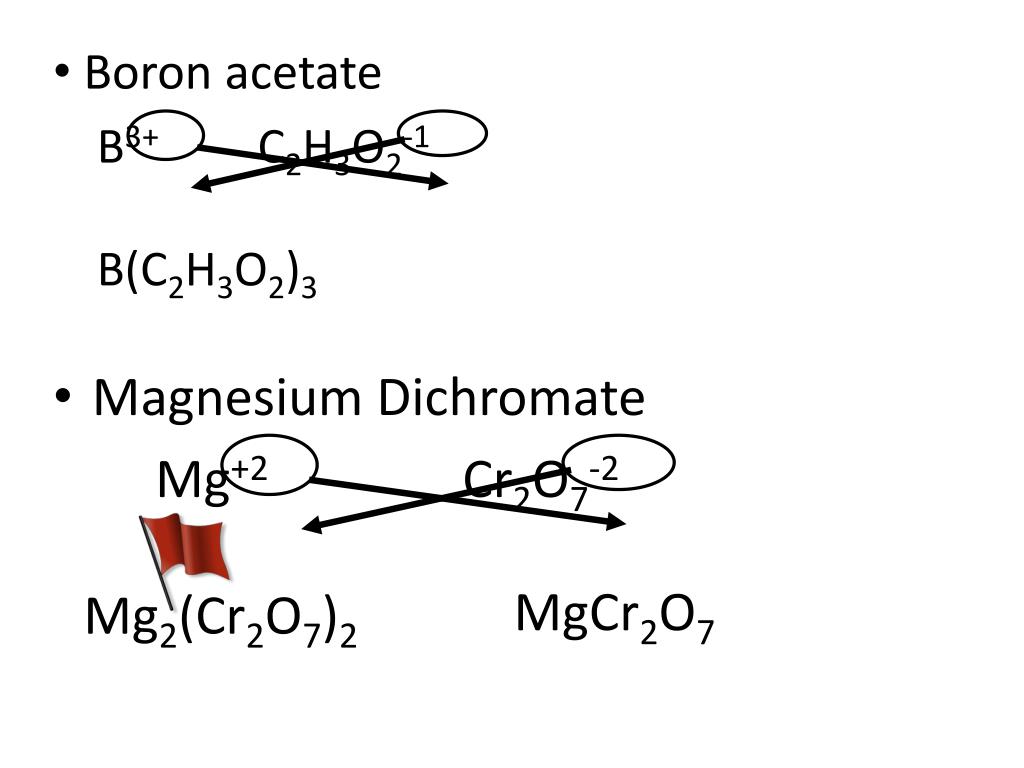 PPT Ch. 15 and 6 Polyatomic Ions PowerPoint Presentation, free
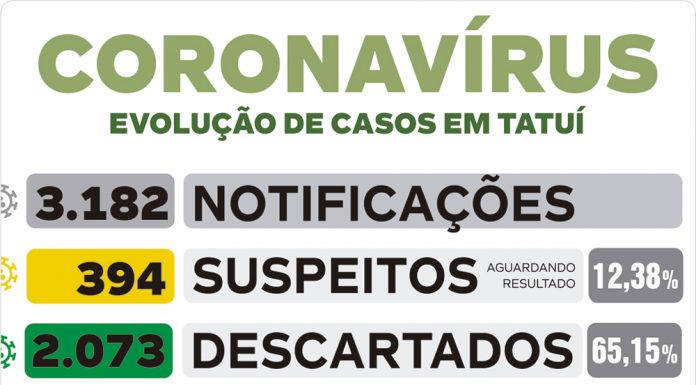 Município chega a 715 casos confirmados de coronavírus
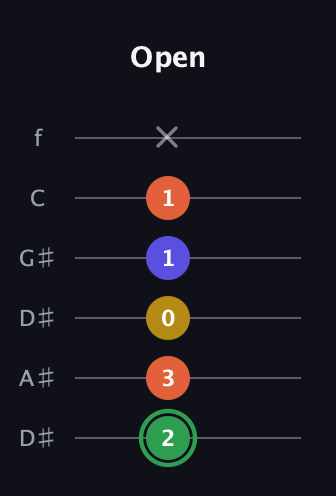 F Augmented Sharp 13th guitar tab — Open (2 3 0 1 1 x) in Drop D Tuning (DADGBE) · Capo 1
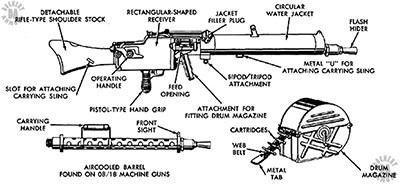 MG 08/15 — photo 2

WHAT TO WORK ON>
Copy the material above in full and exactly, skipping pictures.

RESULT FOR THIS TASK>
 PPT Ch. 15 and 6 Polyatomic Ions PowerPoint Presentation, free
 Município chega a 715 casos confirmados de coronavírus
 F Augmented Sharp 13th guitar tab — Open (2 3 0 1 1 x) in Drop D Tuning (DADGBE) · Capo 1
 MG 08/15 — photo 2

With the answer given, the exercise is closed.